Zagraniczne instytucje interesuje dziś, kiedy i na jakich warunkach grupa wyjdzie na rynek z zamiarem refinansowania obligacji nominowanych w euro i dolarach (około 4 mld zł). To dług przejęty przez platformę satelitarną kontrolowaną przez Zygmunta Solorza-Żaka wraz z Polkomtelem. Gracze w Warszawie zastanawiają się zaś, na jakich warunkach Cyfrowy Polsat przejmie Midasa i jak będzie wyglądać w takiej chwili ta budująca dla operatorów detalicznych miliardera sieć LTE spółka. Dla wszystkich ważne będzie, jak zakończy się trwająca aukcja częstotliwości 800 i 2600 MHz, w której startuje Polkomtel, spółka zależna Cyfrowego Polsatu.
Czekają na okazję?
O tym, że Grupa Cyfrowy Polsat przymierza się do refinansowania, mówił nam w niedawnym wywiadzie jej nowy szef Tomasz Gillner-Gorywoda.
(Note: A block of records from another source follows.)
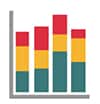 Icon image of a bar chart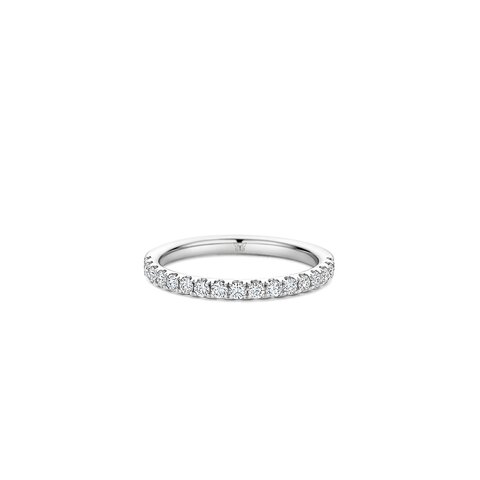 The Exclusive Collection en or blanc 18 ct avec brillant de 0.42 carat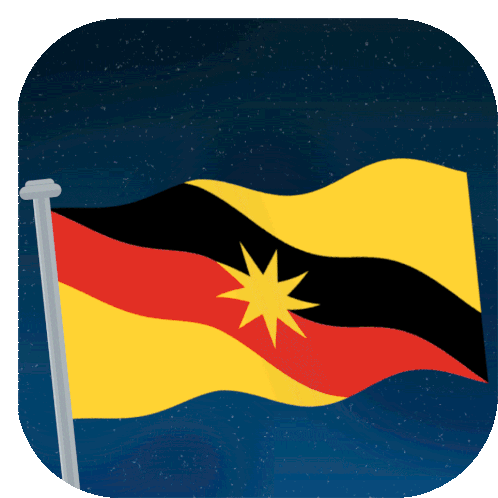 Hari Kemerdekaan Sarawak Happy Sarawak Day Sticker - Hari Kemerdekaan Sarawak Happy Sarawak Day Selamat Hari Sarawak Stickers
W środę zarząd omówił korzyści, jakie wynikałyby z takiego ruchu. Podał m.in., że koszt odsetek w skali roku spadłby o 300 mln zł. – Nie podjęliśmy jeszcze decyzji co do sposobu i czasu refinansowania – zapewniał Tomasz Szeląg, odpowiedzialny w zarządzie Cyfrowego Polsatu za finanse.
– Moim zdaniem grupa zaczeka, aż minie okres, w którym za wykup trzeba zapłacić dodatkową premię. Chyba że zdarzy się okazja rynkowa, taka jak spadek kursu dolara czy euro – uważa Łukasz Kosiarski, analityk DM BZ WBK. Realizacja pierwszego wariantu oznacza, że firma zaciągnie nowy dług w lutym 2016 r.
Menedżerowie Cyfrowego Polsatu kładli nacisk na nowe porozumienie z Midasem, także kontrolowanym przez Solorza-Żaka. W ciągu czterech lat Plus ma zakupić od grupy Midasa 1,57 miliarda gigabajtów mobilnego internetu za 3,8 mld zł.